The Department argues that Bruder received a lower year-end performance evaluation rating because he did not deserve a higher rating. In particular, the Department states:
An overwhelming body of evidence shows that the Plaintiff did not complete assignments or complete them in a timely manner; resisted or refused new assignments; claimed that a work assignment routinely performed by all attorneys in his unit, including his immediate supervisor, was beneath him; resisted supervisory oversight; occupied an office that had no work papers in sight and whose office computer apparently was rarely on; and failed to accept work assignments from persons acting in supervisory roles during a period when his immediate supervisor was on medical leave because of a heart attack.
Def.'s Mot. at 26-27. In support of these claims, the Department relies on declarations by Smith, Beard, and the four other ALIL employees: Kumar, Trznadel, Richards, and Strangis. Def.'s Mot., Exs. P, V, Q, R, S, U.
Bruder denies the allegations that he did not complete assignments or did not complete them in a timely manner, and attests that he asked for additional work but was never given it. Opp'n at 11-19, 30. In support of his claims, Bruder cites to portions of the depositions of Smith and Beard, as well as to several examples of his work product on assignments that are contested. Opp'n, Attachs. 7, 7A, 9, 10. He also argues that the allegations that his computer was rarely on, that his desk was devoid of papers, and that he refused work assignments allegedly occurred when Smith was on medical leave, a time period when Bruder was only in the office for a few days. Opp'n at 18-21; Def.'s Mot., Exs. Q ¶ 6, R ¶ 5, S ¶¶ 4, 6, U ¶¶ 4, 5. Bruder's argument is supported by the Department's acknowledgement that Smith was out of the office from Wednesday, July 11 to late August, and that Bruder began his detail assignment on Monday, July 23, 2007. Def.'s Stat. ¶¶ 57, 63. Bruder alleges that he did not return from detail until October. Opp'n at 9. Furthermore, Bruder's vacation schedule indicates that he was out of the office from Tuesday to Friday, July 17-20, 2007. Opp'n, Attach. 11. As a result, after Smith left on July 11, it appears that Bruder was in the
Bruder contends that he received an excellent evaluation from his detail work, which he does not believe was appropriately factored into his year-end 2007 performance evaluation rating. Opp'n at 9-10. He proffers a letter and an email from the individual who supervised him during his detail, which praises Bruder's work, and a letter from an attorney who worked with Bruder during his detail, which also praises his work. Opp'n, Attachs. 4, 5, 6. Bruder again cites to the purported Smith deposition transcript to show that Smith did not properly account for the positive review of Bruder's work by his detail supervisor when Smith decided Bruder's final performance evaluation rating. Opp'n at 10.

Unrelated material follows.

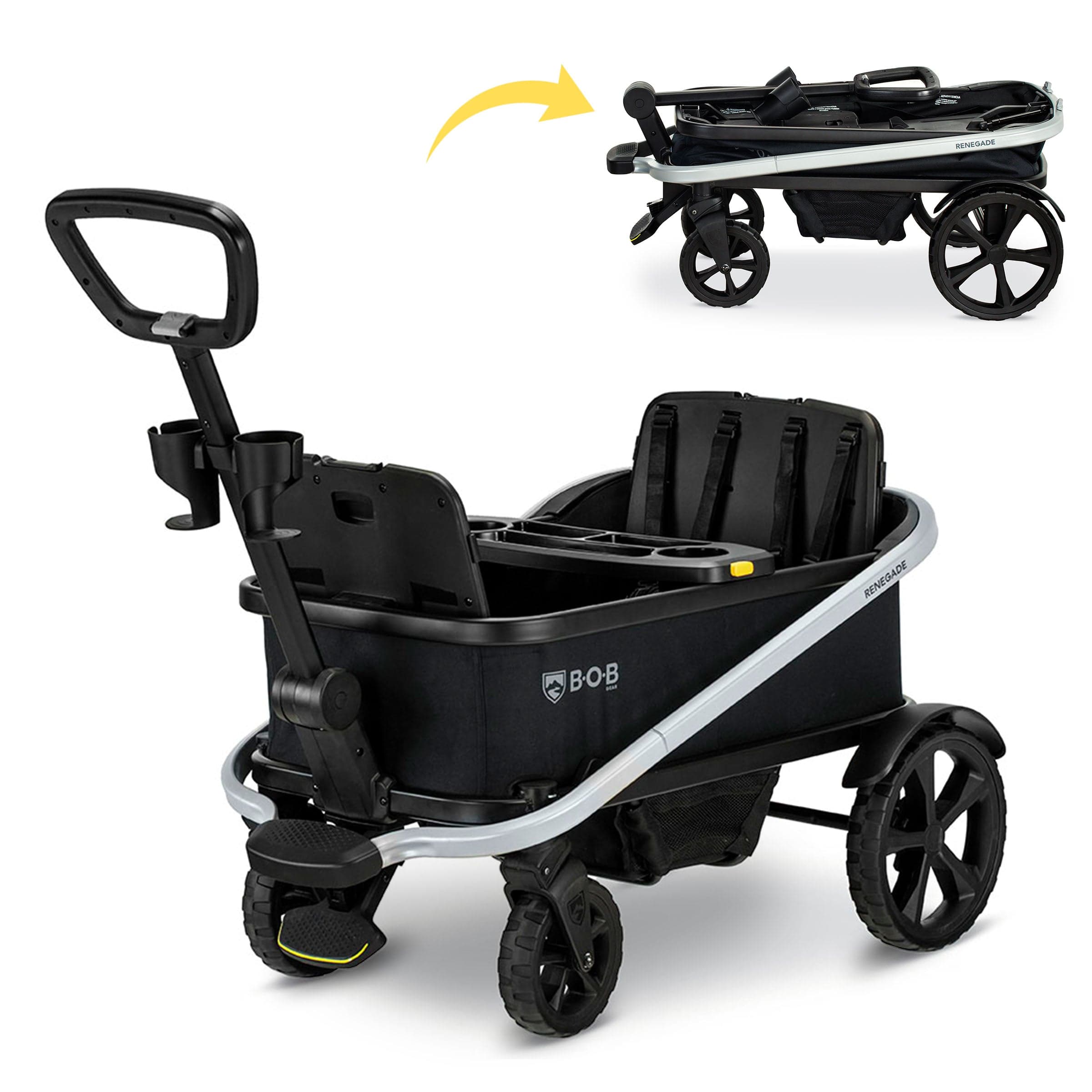 Bob Gear Renegade Wagon Nightfall - Heavy Duty All-Terrain Utility Cart with 300LB Capacity | Perfect for Camping, Tailgating, Beach Trips & Outdoor Adventures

The Court is missing important pieces of information from the parties. In particular, the Court does not have Bruder's performance evaluation ratings or bonus amounts for the years preceding and following the one in question. Also, as noted earlier, the Court has not received any of the relevant deposition transcripts from the underlying EEO action cited by Bruder.
For the reasons set forth above, the Department's motion for summary judgment is granted in part and denied in part. Counts 2, 3, 4, 5, and 6 will be dismissed. Count 1 survives. A separate Order has been issued on this date.